Municipalité de Labelle c. Lecavalier
2017 QCCM 4
COUR MUNICIPALE COMMUNE
VILLE DE SAINTE-AGATHE-DES-MONTS


CANADA
PROVINCE DE QUÉBEC
DISTRICT DE
TERREBONNE



N° :
URB 38044, URB 38045, URB 38046
URB 38047, URB 38048, URB 38049
URB 38050



DATE :
25 JANVIER 2017
______________________________________________________________________

SOUS LA PRÉSIDENCE DE
L’HONORABLE
MICHEL LALANDE J.C.M.



______________________________________________________________________


MUNICIPALITÉ DE LABELLE
Poursuivante
c.
CHRISTINE LECAVALIER
Défenderesse


______________________________________________________________________

JUGEMENT SUR REQUÊTE EN NON-LIEU
Art. 210 C.p.p.
______________________________________________________________________

INTRODUCTION
[1] Sept constats d’infractions ont été délivrés à la défenderesse relativement à divers travaux exécutés sur sa propriété : Coupe forestière sans permis, entrave à la libre circulation des eaux, présence de machinerie lourde dans une bande de protection riveraine, débris de coupe à l’intérieur d’un cours d’eau, coupe forestière dépassant le maximum permis et absence de protection des peuplements d’abri et de nourriture dans un ravage de cerfs de Virginie, le tout en contravention de la règlementation municipale.

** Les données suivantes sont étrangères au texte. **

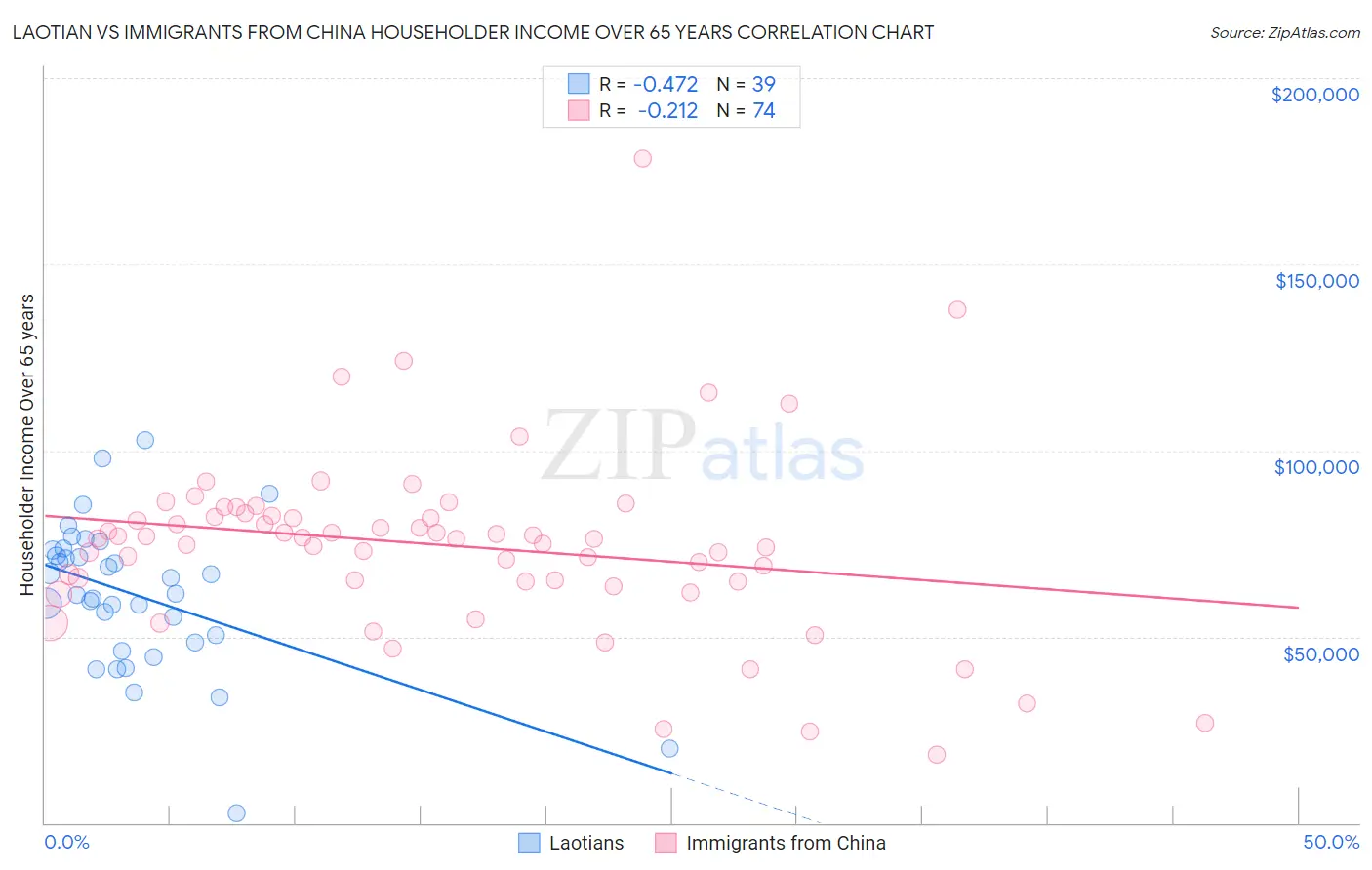 Laotian vs Immigrants from China Householder Income Over 65 years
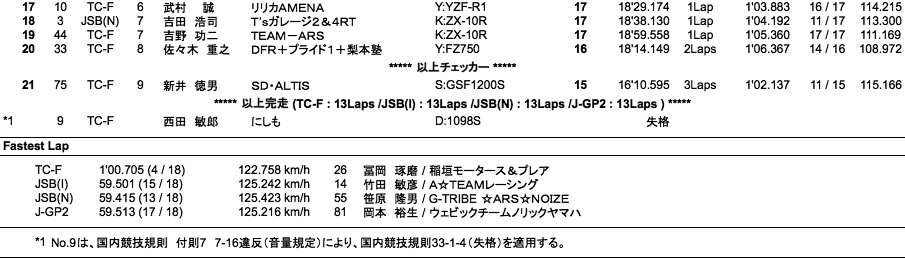 TC-Formula／JSB1000／J-GP2（決勝）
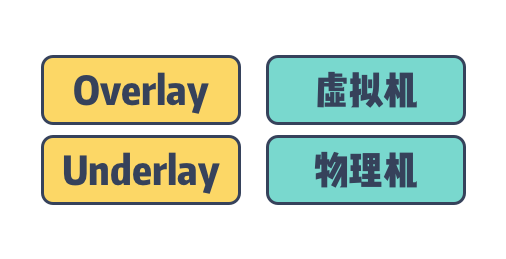 /resources/articles/docker/350c0c464af591b8a01655ca5bf233a4.png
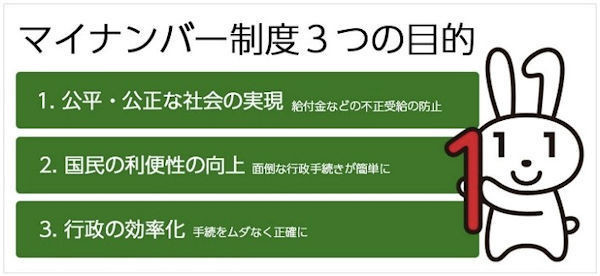 中小企業にとってのマイナンバー制度とは? 第120回 利用されないマイナンバー　課題はどこにあるのか？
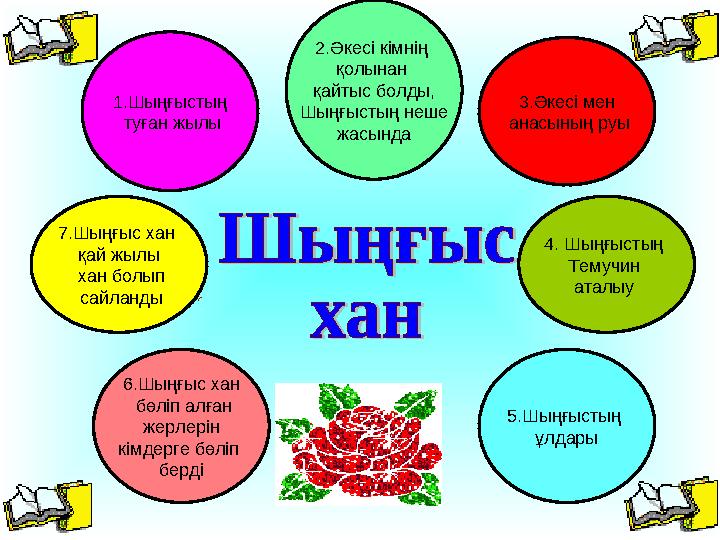 2.Әкесі кімнің қолынан қайтыс болды, Шыңғыстың неше жасында 3.Әкесі мен анасының руы 4. Шыңғыстың Темучин аталыу 5.Шыңғ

[2] Le litige concerne les éléments de preuve apportées par la poursuivante.

LA QUESTION EN LITIGE

[3] À la clôture de la preuve de la poursuivante, la défenderesse présente une motion de non-lieu, alléguant absence totale de preuve sur certains éléments essentiels des infractions reprochées à la défenderesse.

LES FAITS

[4] Suivant le rapport d’expertise de l’ingénieur forestier Pierre Valiquette, lequel réfère au rôle d’évaluation foncière de la poursuivante, la défenderesse serait propriétaire d’un immeuble situé sur la Montée des Paysans, municipalité de Labelle.

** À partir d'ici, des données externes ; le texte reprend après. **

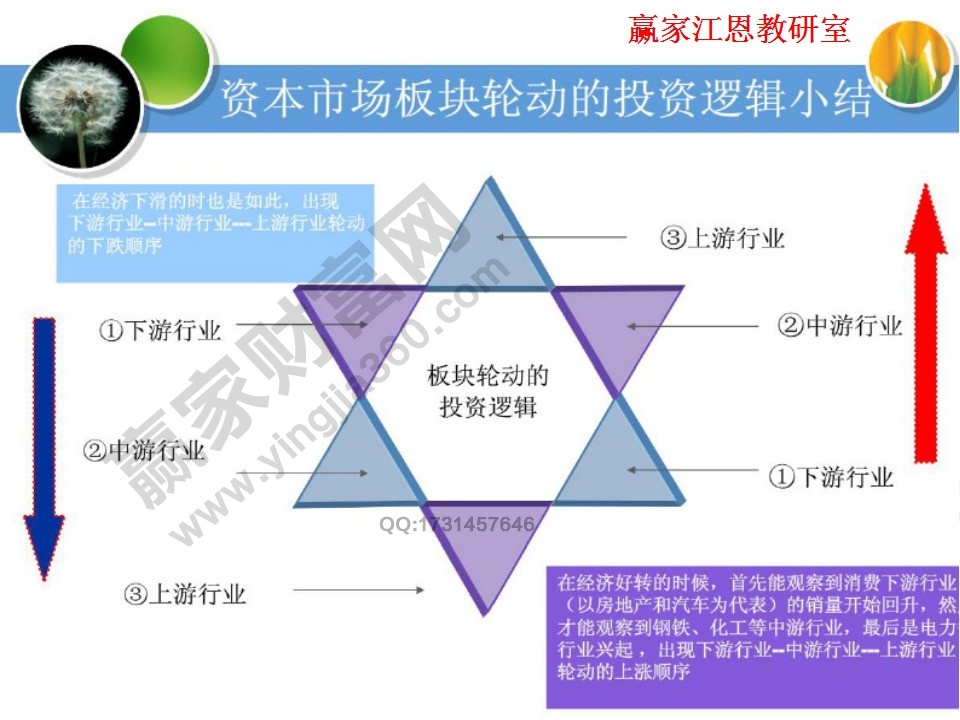 資本市場板塊輪動的投資邏輯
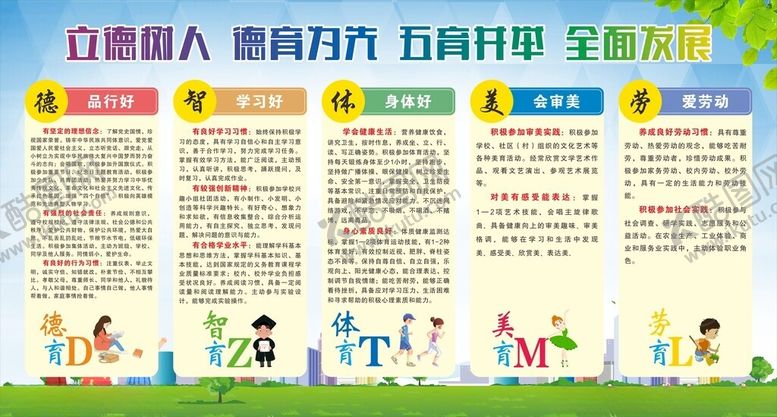 编号：78657710312145274723【酷图网】源文件下载-五育并举展板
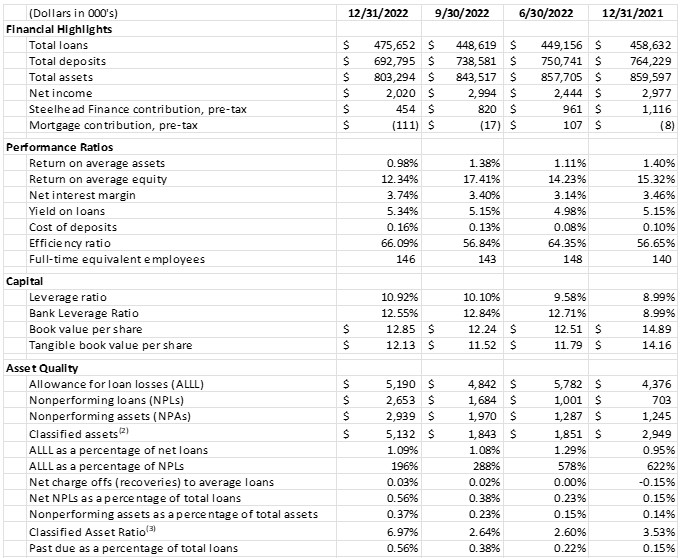 Consolidated Balance Sheet 1-25-23 part 3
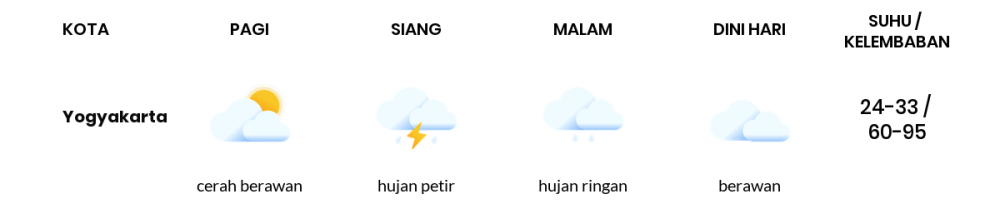 Cuaca Hari Ini 20 Februari 2024: Yogyakarta Hujan Sedang Siang Hari, Sore Hujan Ringan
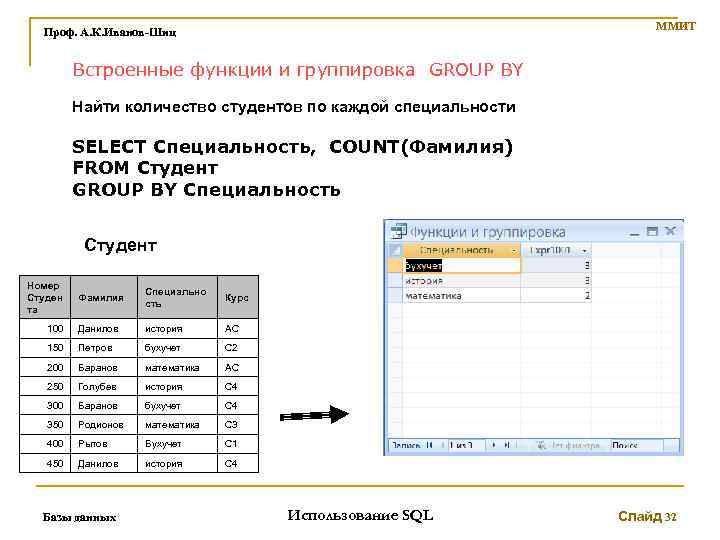 ММИТ Проф. А. К. Иванов-Шиц Встроенные функции и группировка GROUP BY Найти количество студентов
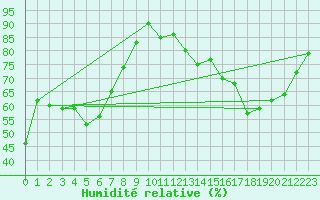 Courbe de l'humidit relative pour Spa - La Sauvenire (Be)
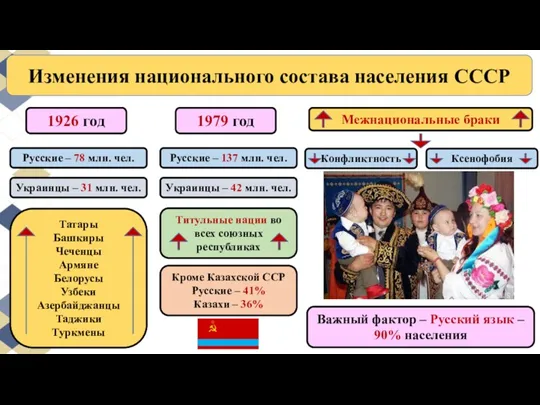 1926 год Изменения национального состава населения СССР Русские – 78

[5] Le 8 avril 20015, l’inspecteur en environnement de la poursuivante, monsieur Martin Ouimet, effectue une inspection de la propriété de la défenderesse et constate qu’une coupe forestière, qui lui semble abusive, a été effectuée.

[6] De retour à son bureau il vérifie les registres de la municipalité et se rend compte qu’aucun certificat d’autorisation n’a été délivré en regard de cette coupe.

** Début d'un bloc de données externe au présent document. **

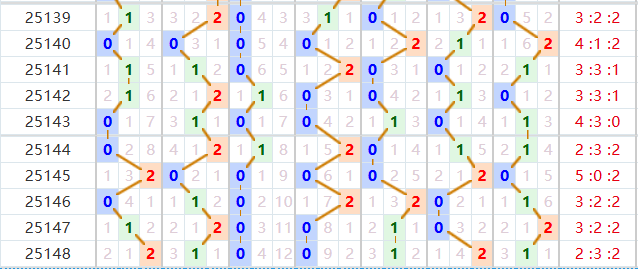 七星彩分析走势图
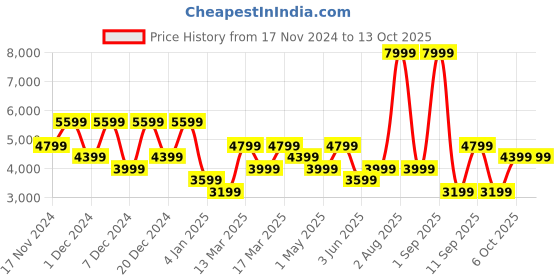 myntra.com DeFacto Men Front-Open Hooded Sweatshirt defacto Price History Graph from 17 Nov 2024 to 13 Oct 2025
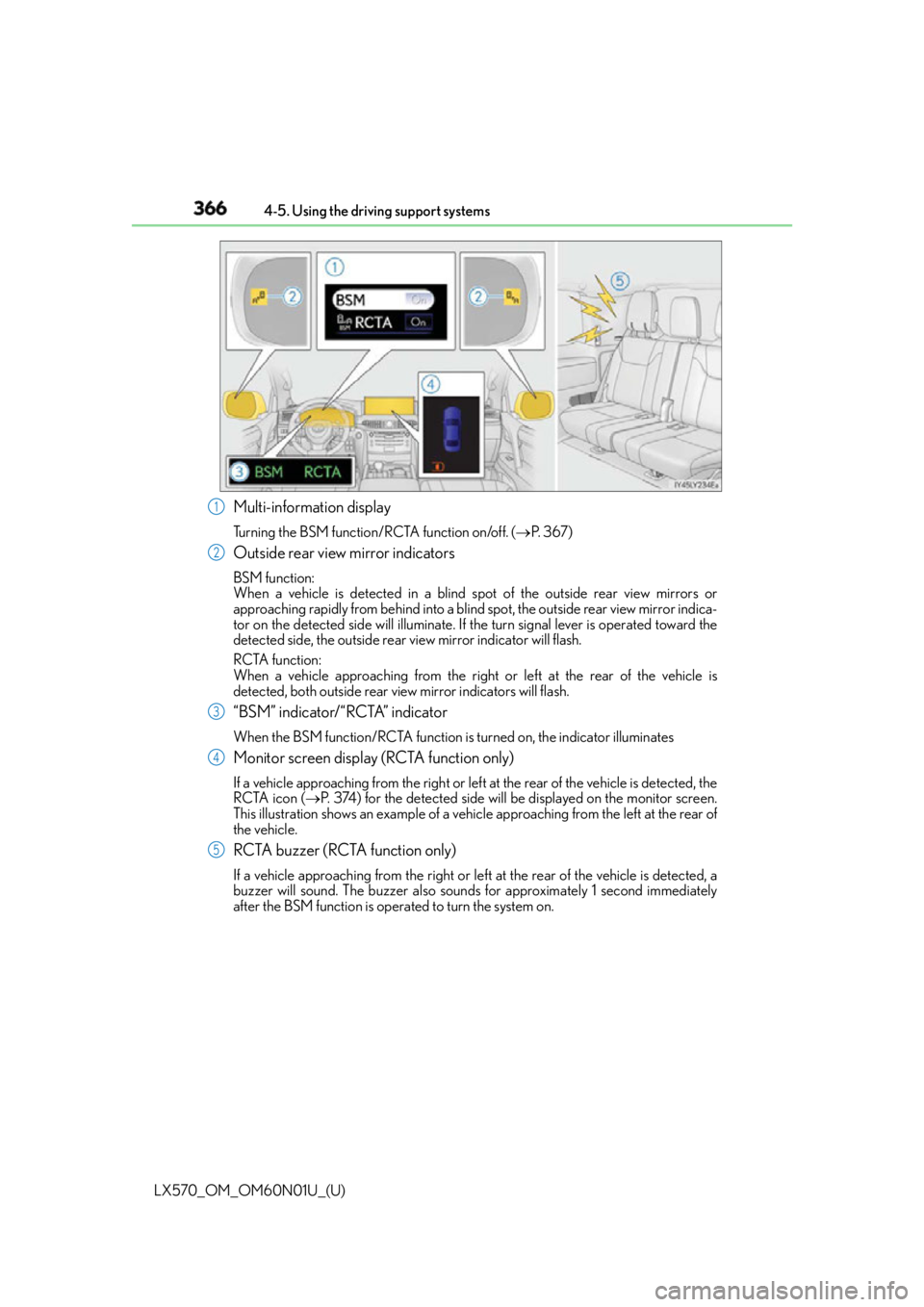 LEXUS LX570 2016 Owners Manual 366
LX570_OM_OM60N01U_(U) 4-5. Using the driving support systems
Multi-information display Turning the BSM function/RCTA function on/off. ( P. 3 6 7 )
Outside rear view mirror indicators BSM func LEXUS LX570 2016 Owners Manual 366
LX570_OM_OM60N01U_(U) 4-5. Using the driving support systems
Multi-information display Turning the BSM function/RCTA function on/off. ( P. 3 6 7 )
Outside rear view mirror indicators BSM func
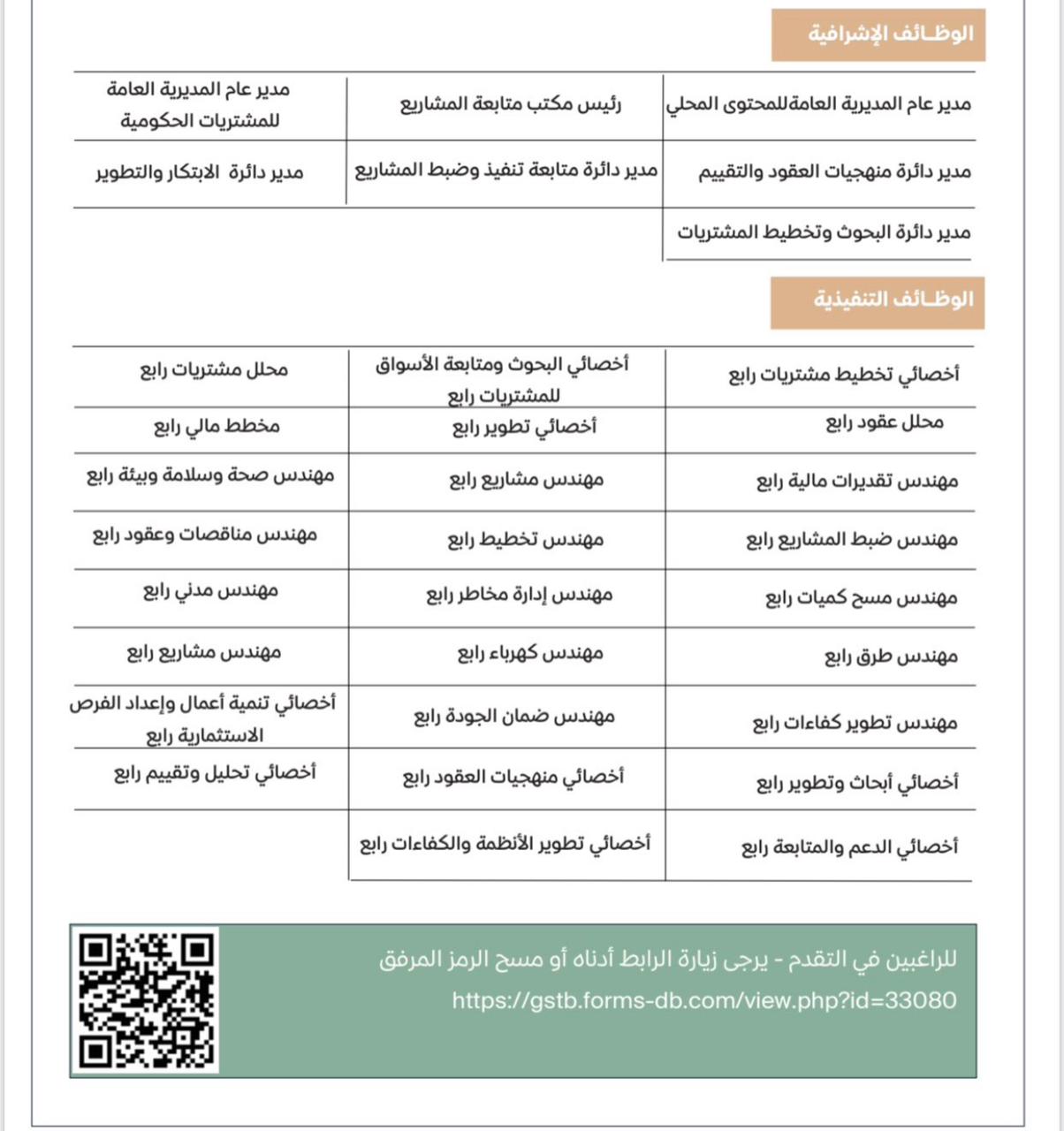 الإعلان عن أكثر من 40 وظيفة في الأمانة العامة لمجلس المناقصات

[7] Le 17 avril 2015, accompagné du directeur du service de l’urbanisme, il retourne sur les lieux afin de mesurer l’ampleur de la coupe effectuée.

[8] Il fait rapport de ses constatations et, en mai 2015, le conseil municipal mandate l’ingénieur Forestier Valiquette afin de procéder à des constats forestiers sur cette propriété et identifier les infractions à la règlementation municipales qui auraient été commises.

[9] Les 1er, 3, 9 et 17 juin, l’inspecteur Ouimet et l’ingénieur forestier Valiquette se rendent sur les lieux afin de procéder aux constats requis et dresser un inventaire forestier.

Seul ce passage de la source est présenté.